Background Information
The National Basketball Association made its debut in 1949 with 17 teams fighting for glory. In a season that culminated in the Minneapolis Lakers bringing home the first championship in league history, the NBA was officially born. However, just 30 years later, the league would change forever with the introduction of an entirely new way to score points - the three point shot. A line, or rather an arc, extended between 22 and 23.75 feet from the basket (ranges depend on location on the court), was added in the 1979-1980 season wherein a shot “behind the arc” would count for three points instead of the traditional two. As players and teams have adapted to the introduction of the shot over the last 50 odd years, the game of basketball has undoubtedly changed, and we are going to investigate just how it has changed, today.
Objective: Showcase the Changes in the NBA Due to Three Point Shooting
Initial Exploratory Data Analysis
Overview of the Columns Present Within the Data
The data, whose columns are displayed above, is consisted of game by game results. The individual values, metrics, and statistics, are divided up and measured for both the home and away team, with a few select columns representing overall game summary like the season, attendance, and a unique game identifier.
Investigating Data Spread
[1] "Min Game Date: 1980-05-04"[1] "Max Game Date: 2023-06-12"The data begins tracking game data in the 1979-1980 season, specifically with a game in early April of the season. The most recent game in the data appears to be the last NBA Finals game of the 2022-2023 season.
Evaluating Overall Point Growth
The three point line added an entire new way to get points in the league. However, like many new things, we have to investigate if there was any change at all in the way the league scored points, since the introduction of the line.
We can see that there is overall growth in points scored, aside from a few dips in certain years. Let’s see if we can provide a bit more context as to what is going on in those specific years.
1998:
- There was an NBA lockout limiting the number of games played. Therefore, the limited volume in games, also limits the total number of potential points that can be scored as well.
2012:
- There was an NBA lockout limiting the number of games played. Therefore, the limited volume in games, also limits the total number of potential points that can be scored as well.
2019-2020:
- The COVID-19 pandemic forced the NBA into a bubble, also decreasing the number of games played during these seasons. The limited games, also caps the total point potential similar to the lockout years.
Evaluating Three Point Attempt Growth
The trend in three point attempts does appear to match the trend in points scored, almost identically. With similar downturns in years with fewer games, there is an otherwise extremely consistent rise in the number of three point attempts taken year over year.

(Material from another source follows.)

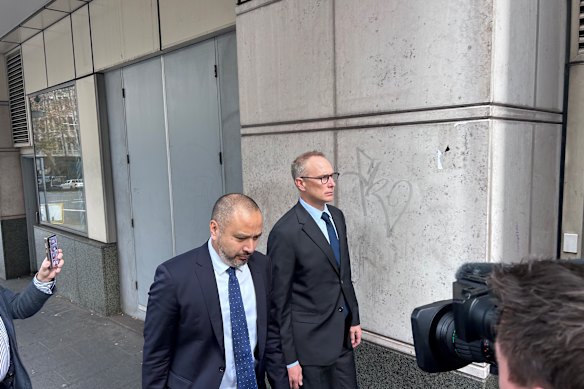 TPG Capital’s local boss Joel Thickins (right) fronted court on Tuesday.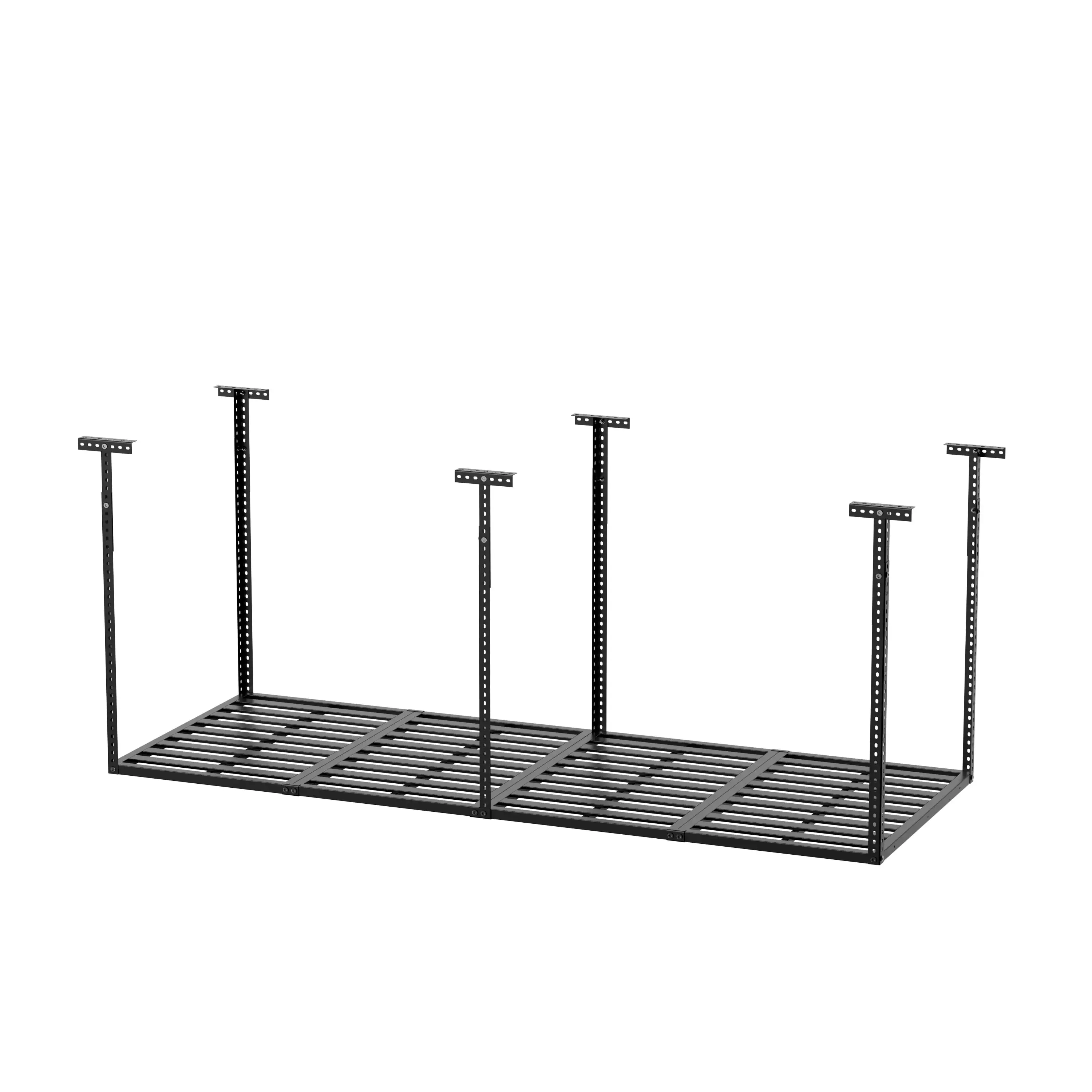 3x8FT Overhead Garage Storage Rack Adjustable Ceiling Mounted Storage Racks Heavy Duty. Hanging Garage Storage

How are Teams Utilizing the Three Point Shot?
Looking at the Divisions
Universal Increase: There’s a very clear and consistent upward trend in the percentage of 3-point attempts across almost all teams and divisions, particularly noticeable from the mid-2000s onwards. This highlights a league-wide shift towards more outside shooting.
Varying Adoption Rates: While the trend is universal, individual teams and even divisions show different paces of adoption. Some teams were early adopters of a high 3-point attempt rate, while others have been more gradual. Some stick out with crazy variance within their adoption as well - like the Houston Rockets who went from leading the league at one point to going back to middle of the pack. While the Memphis Grizzlies, divisional rivals of the Rockets, went from one of the fewest three point attempts in a season to meeting the Rockets in the middle just 10 years later.
No Division Dominance: There isn’t one single division that stands out as consistently having a significantly higher or lower 3-point attempt rate than others across all seasons; the overall trend applies broadly. However, we can observe which teams within each division are leading or lagging in this trend. Interestingly, teams that have embraced the three point shot recently (the Golden State Warriors under Stever Kerr and the Milwaukee Bucks) have had real life success alongside their adoption of the increased volume of the shot with both teams finding themselves with Championships in the last 10 years.
Assumptions Made Based Off Exploratory Data Analysis
- Data Assumptions:
All basketball terminologies are referred to by their appropriate, or colloquially referenced, abbreviation within the data (e.g., rebounds are “reb” and assists are “ast”).
The data is organized game by game, with each statistic or metric measured individually for both the home and away team.
- Any subsequent analyses will need to take this into account, or acknowledge this.
The data spans between the 1979-1980, and the 2022-2023 NBA seasons. All games present are regular season or postseason games due to earlier filtering of the data set.
- Both points and three point attempts within NBA games have increased over time.
- There is a possibility for a correlation between these two variables. We will have to conduct further analysis to test this hypothesis.
- There is variation among coaching strategies for three point shot usage, and certain implementations can lead to success (e.g., the Warriors and Bucks).
Analysis
Investigating the Relationship Between 3 Point Attempts and Points
We established that there was a possibility that this relationship existed, but now we actually run the required test.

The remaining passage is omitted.